The album begins in her past, with the John Hughes-meets-Lena Dunham sex tale of “Sixteen,” about dating a boy who shared her name. “It was weird in the back of his truck,” she sings over sparse guitar chords, “moaning my own name while trying to fuck.” It’s one hell of a memorable opener, a fresh and authentic take on the absurdity and discomfort of teenhood, and the sincerity of Luciano’s vocal performance transports us instantly back into her dirty sneakers.
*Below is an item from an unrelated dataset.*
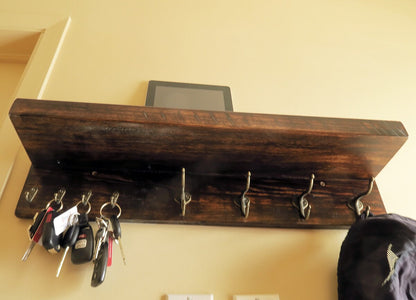 Handmade Hanging Organizer – Wooden Floating Shelf – Entryway Organizer  Standout EDC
By the next track, “Bite Back,” we’re in New York City, where we spend most of the rest of the album, listening to Luciano try to find her way around her beautiful, chaotic life. “I am so lonely in this big city, and everybody’s so damn busy,” she muses toward the end of the song, the heavily distorted guitar falling out from behind her as she repeats the plaintive refrain a few times.
One of the strengths of Swear is Luciano’s singing, which has improved markedly since Diet Cig last put out new music. She’s developed far more confidence, bringing her voice to the forefront and showcasing emotions beyond the youthful rawness of Over Easy. She is variously angry, melancholic, infatuated, frustrated and wide-eyed. And it shows the most effectively when drummer Noah Bowman lays off the kit and, over quiet guitar chords, Luciano belts out a simple, anthemic line. In fact, the only patently dissatisfying parts of the album come from the somewhat rough mixes of “Link in Bio” and “Leo,” two songs in which the powerful axe-work and frenetic drumming drown out the vocals.
Make no mistake, the ravaging punk jams on the album are mostly quite fulfilling. Diet Cig has built its reputation on Luciano’s unmatched concert energy, and that comes through in the headbanging bliss of tracks like “Blob Zombie” and “Barf Day.” The latter is one of the highlights of Swear, telling the story of Luciano’s shitshow of a 21st birthday that ends with her yearning for the comfort of ice cream. With one foot planted in the mess of the present day, the other planted in innocent desire (not to mention its silly but brutally honest title), “Barf Day” encapsulates the spirit of the entire album.
Perhaps the most interesting state in which we see Luciano is that of heartbreaker, which she takes up on both “Maid of the Mist” and “I Don’t Know Her.” They’re stark departures from the mid-album, acoustic interlude of “Apricots,” a pretty little snapshot of infatuation and the youngest she sounds on the album. “Maid,” in particular, paints a picture of a conflicted Luciano, who moves from consoling all the boys she has to let down easy to dealing with the fear of actually liking one for a change. The song’s outro, featuring pristine, sublime layers of vocals, is another highlight.
But Diet Cig saves its most important message for last, with the feminist anger of “Tummy Ache.” By the end of Swear, we have a complete rendering of Luciano as a fiery, fiercely independent young woman, and “Tummy Ache” is her rage at trying to gain footing in the music world. “My stomach hurts, ‘cause it’s hard to be a punk while wearing a skirt,” she spits over the album’s bombastic ending. And you can understand Luciano’s frustration, because despite Diet Cig’s excellent debut effort here, there are probably some boys out there who won’t take a five-foot-nothing girl with a guitar seriously. Their loss.